Only available in German
Modellierung digitaler Systeme auf Register-Transfer-Ebene (RTL) mit Verilog HDL
H | 03-IMGS-RTL
In this course the student is introduced to digital design on register transfer layer (RTL) with Verilog as a hardware description language (HDL). Initially different layers of abstraction (around RTL) and different HDLs are compared. Along known combinatorial logic the student is introduced to Verilog’s language concepts (syntax and semantics to describe circuits). The typical operators of Verilog and available primitives (used but not as often) are introduced to describe typical (known) combinatorial circuits (multiplexer, adders, etc.). Alongside known circuits the students are instructed about the pitfalls of describing hardware vs programming software and are given a set of guidelines on how to write/describe digital hardware circuits (so they become synthesizable in real hardware). After that sequential circuits are the next topic, which is introduced through the most basic building block, the flipflop. Bigger building blocks of sequential circuits are introduced and their Verilog description is walked through. The used techniques are discussed with additional techniques of digital design (clock gating, pipelining, memories).

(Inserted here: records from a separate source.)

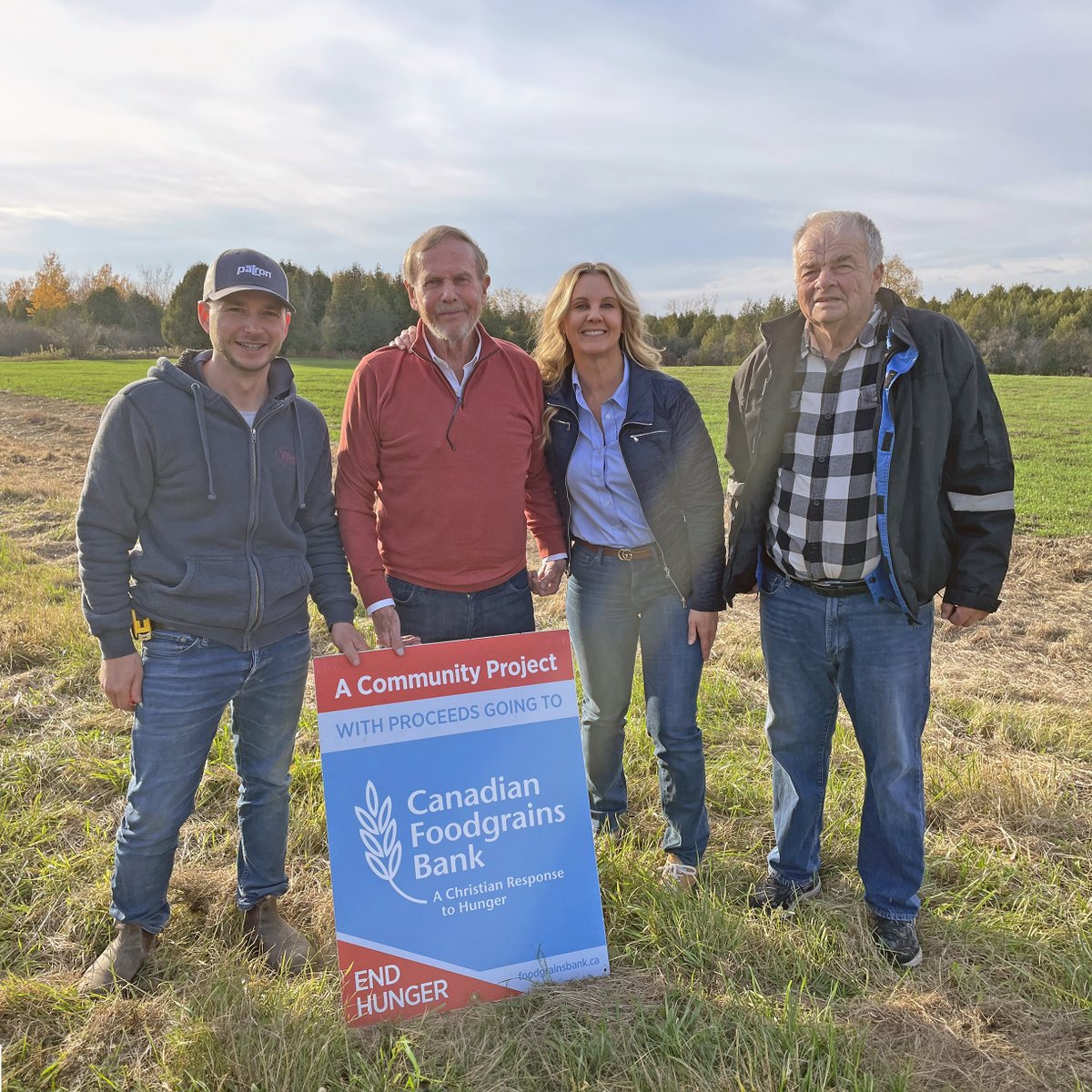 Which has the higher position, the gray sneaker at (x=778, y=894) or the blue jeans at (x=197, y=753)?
the blue jeans at (x=197, y=753)

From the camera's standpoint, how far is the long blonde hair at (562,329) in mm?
3213

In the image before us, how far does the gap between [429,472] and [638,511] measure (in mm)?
847

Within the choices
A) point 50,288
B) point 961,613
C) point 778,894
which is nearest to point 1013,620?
point 961,613

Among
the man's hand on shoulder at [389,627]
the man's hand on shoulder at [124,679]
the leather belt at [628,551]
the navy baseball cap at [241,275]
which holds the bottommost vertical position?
the man's hand on shoulder at [124,679]

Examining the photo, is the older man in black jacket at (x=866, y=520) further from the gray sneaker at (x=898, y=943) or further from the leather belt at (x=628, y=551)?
the leather belt at (x=628, y=551)

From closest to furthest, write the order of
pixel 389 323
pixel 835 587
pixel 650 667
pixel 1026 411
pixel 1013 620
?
pixel 835 587 → pixel 650 667 → pixel 1013 620 → pixel 1026 411 → pixel 389 323

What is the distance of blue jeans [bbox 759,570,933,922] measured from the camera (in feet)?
9.67

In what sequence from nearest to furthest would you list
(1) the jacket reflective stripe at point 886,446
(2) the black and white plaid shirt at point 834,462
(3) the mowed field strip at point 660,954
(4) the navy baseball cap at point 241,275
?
(3) the mowed field strip at point 660,954 → (4) the navy baseball cap at point 241,275 → (1) the jacket reflective stripe at point 886,446 → (2) the black and white plaid shirt at point 834,462

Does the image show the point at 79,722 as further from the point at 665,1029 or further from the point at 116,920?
the point at 665,1029

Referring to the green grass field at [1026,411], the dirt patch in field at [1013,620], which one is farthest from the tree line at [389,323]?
the dirt patch in field at [1013,620]

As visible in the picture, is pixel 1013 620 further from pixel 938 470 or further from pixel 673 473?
pixel 673 473

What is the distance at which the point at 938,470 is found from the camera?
2797mm

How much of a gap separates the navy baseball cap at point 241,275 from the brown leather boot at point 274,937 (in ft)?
7.08

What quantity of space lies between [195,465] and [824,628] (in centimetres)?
224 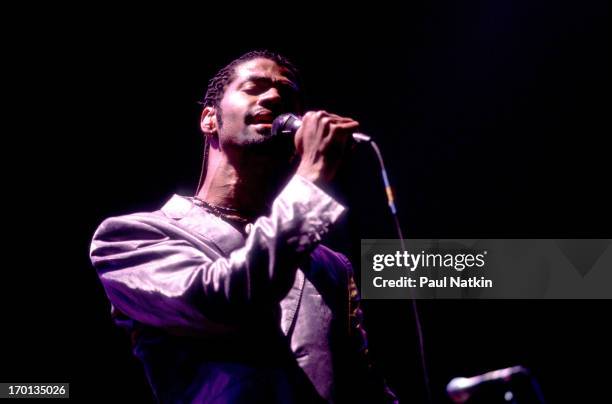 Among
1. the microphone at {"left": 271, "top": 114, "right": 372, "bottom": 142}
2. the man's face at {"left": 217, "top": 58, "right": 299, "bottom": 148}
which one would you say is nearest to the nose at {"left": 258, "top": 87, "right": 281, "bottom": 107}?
the man's face at {"left": 217, "top": 58, "right": 299, "bottom": 148}

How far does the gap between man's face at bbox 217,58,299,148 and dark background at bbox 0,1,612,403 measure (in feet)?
3.33

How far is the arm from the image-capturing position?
4.06 feet

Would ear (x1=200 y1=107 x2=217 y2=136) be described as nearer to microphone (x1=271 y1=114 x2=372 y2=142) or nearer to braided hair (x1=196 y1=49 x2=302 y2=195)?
braided hair (x1=196 y1=49 x2=302 y2=195)

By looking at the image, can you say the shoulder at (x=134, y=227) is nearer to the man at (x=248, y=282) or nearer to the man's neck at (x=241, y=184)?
the man at (x=248, y=282)

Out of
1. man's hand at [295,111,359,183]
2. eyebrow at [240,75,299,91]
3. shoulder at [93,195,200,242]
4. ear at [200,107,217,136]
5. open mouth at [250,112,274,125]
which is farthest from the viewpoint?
ear at [200,107,217,136]

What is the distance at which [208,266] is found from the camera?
1.33 m

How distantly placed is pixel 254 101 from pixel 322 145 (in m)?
0.56

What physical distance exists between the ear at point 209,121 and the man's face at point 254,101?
0.31 ft

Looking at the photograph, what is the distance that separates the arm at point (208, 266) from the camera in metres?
1.24

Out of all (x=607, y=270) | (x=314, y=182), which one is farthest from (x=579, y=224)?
(x=314, y=182)

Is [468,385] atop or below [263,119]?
below

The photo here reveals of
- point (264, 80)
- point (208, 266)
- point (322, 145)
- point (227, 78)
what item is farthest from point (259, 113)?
point (208, 266)

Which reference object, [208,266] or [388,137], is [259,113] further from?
[388,137]

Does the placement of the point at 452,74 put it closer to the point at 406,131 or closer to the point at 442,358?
the point at 406,131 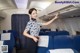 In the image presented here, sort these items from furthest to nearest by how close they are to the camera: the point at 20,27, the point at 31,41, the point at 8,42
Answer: the point at 20,27
the point at 8,42
the point at 31,41

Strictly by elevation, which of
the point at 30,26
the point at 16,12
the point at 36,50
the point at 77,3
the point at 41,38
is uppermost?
the point at 16,12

The main part of the course starts with the RTL point of view. The decomposition of every circuit into a Datapath and a controller is shown on various examples. The goal is to show how various data paths and controllers can look like and how they are designed. There is an additional section for practical topics of digital design: Static Timing Analysis and how to solve problems occurring in circuits with timing violations. For the last two parts of the course at first communication mechanisms for digital systems are discussed, at last a medium/intermediate level example is given with a RISC-V RV32I processor.